Company / business: OpenCorporates, Companies House (UK), SEC EDGAR.
General reference: Wikidata SPARQL, DBpedia.

Present the source shortlist to the user. Let them pick — don't silently fan out to 5 APIs.

Step 5 — Plan the enrichment

Before writing code, write the plan as a short table:

Target column(s)	Source	Join key	Method
`population`, `gdp_usd`	World Bank API	`iso3` + `year`	HTTP fetch + join
`avg_temp_c`	Open-Meteo archive API	`lat`,`lon` + `date`	HTTP fetch per location + join
`currency_to_usd`	Frankfurter API	`currency` + `date`	HTTP fetch + join

Flag: cardinality of API calls (one per row? one per unique key?), caching strategy, expected runtime.

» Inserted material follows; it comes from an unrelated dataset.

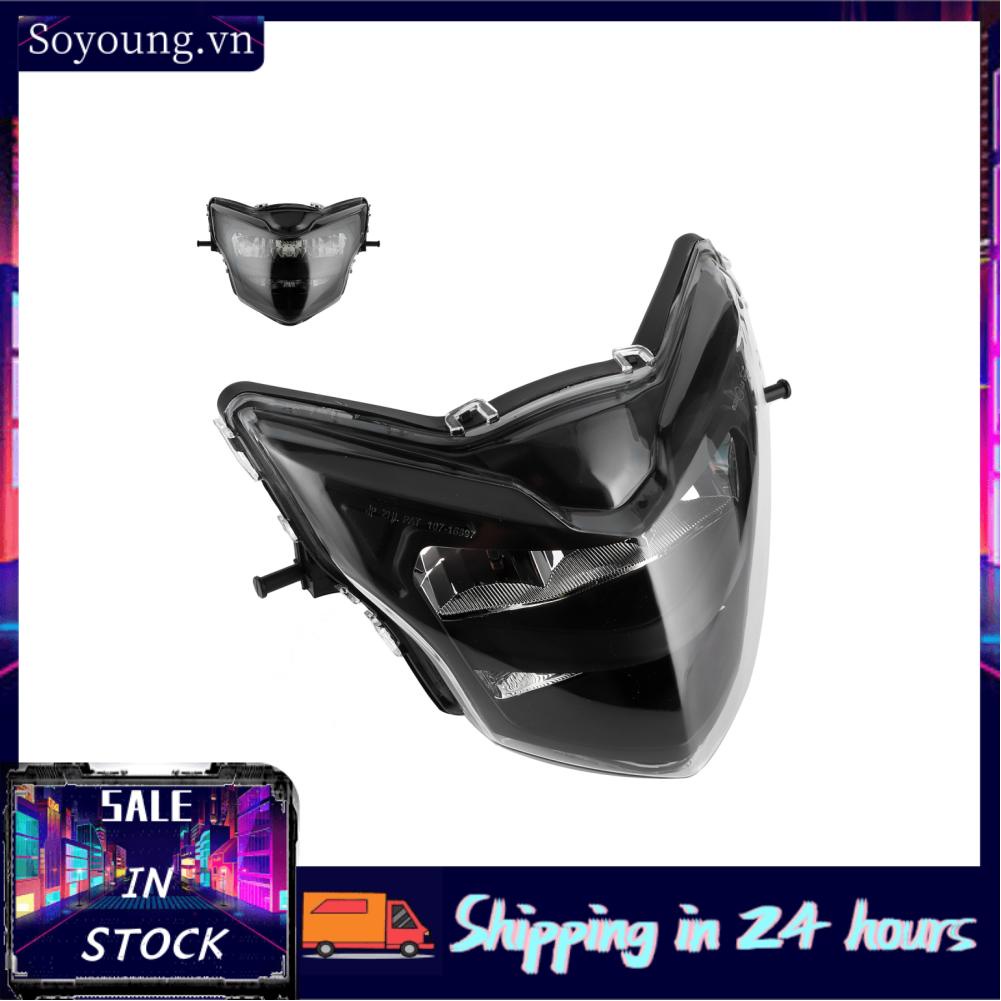 断货Đèn pha LED 12V cho xe máy Yamaha LC135 V2‐V6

Get user sign-off on the plan before implementing — especially if it involves paid APIs or thousands of requests.

Step 6 — Implement

Write the enrichment as a reproducible script under scripts/enrich_<topic>.py (or .sql if it's pure DuckDB + HTTP extension). Conventions:

Cache raw API responses to data/enrichment/cache/ keyed by query params. Re-runs should be free.
Stage enriched outputs to data/enrichment/<source>.parquet — don't mutate the primary dataset in place.
Join at query time via a DuckDB view, or materialise a *_enriched table if joins are expensive.
Log provenance: add a row to data/enrichment/PROVENANCE.md with source URL, fetch date, licence, and a SHA256 of the cached payload.

Example structure:

data/
  raw/
    sales.csv
  enrichment/
    cache/
      worldbank_population_IND_2015-2024.json
      openmeteo_40.71_-74.01_2024.json
    worldbank_indicators.parquet
    weather_daily.parquet
    PROVENANCE.md
scripts/
  enrich_worldbank.py
  enrich_weather.py

Step 7 — Verify

After enrichment:

Join coverage: what % of primary rows matched? Report unmatched keys (common causes: country name vs. ISO code mismatch, date timezone drift, trailing whitespace in IDs).
Sanity checks: do the enriched values look reasonable? (population not negative, temperatures in expected range, FX rates within ±20% of known values).
Re-run the original question against the enriched dataset. Did the gap actually close? If not, diagnose why before adding more sources.

Step 8 — Document

Update the repo's CLAUDE.md (or create a data/enrichment/README.md) with:

What enrichments exist and what question they were added to answer.
How to refresh them (python scripts/enrich_weather.py).
Join keys and any gotchas (e.g. "Kosovo uses XKX not ISO, manually mapped").

Notes

Don't enrich speculatively. Every added column is maintenance. Only pull what the stated goal requires.
Respect rate limits. Space API calls; use the cache aggressively.
Licence matters if the output leaves the machine. Check before the user publishes a derived dataset.
If a gap has no good public source, say so — "can't be closed with open data, would need a commercial provider or primary research" is a valid outcome.
If the dataset is already loaded via setup-data-workspace, attach enrichments as new tables in the same .duckdb and update the Data section of CLAUDE.md.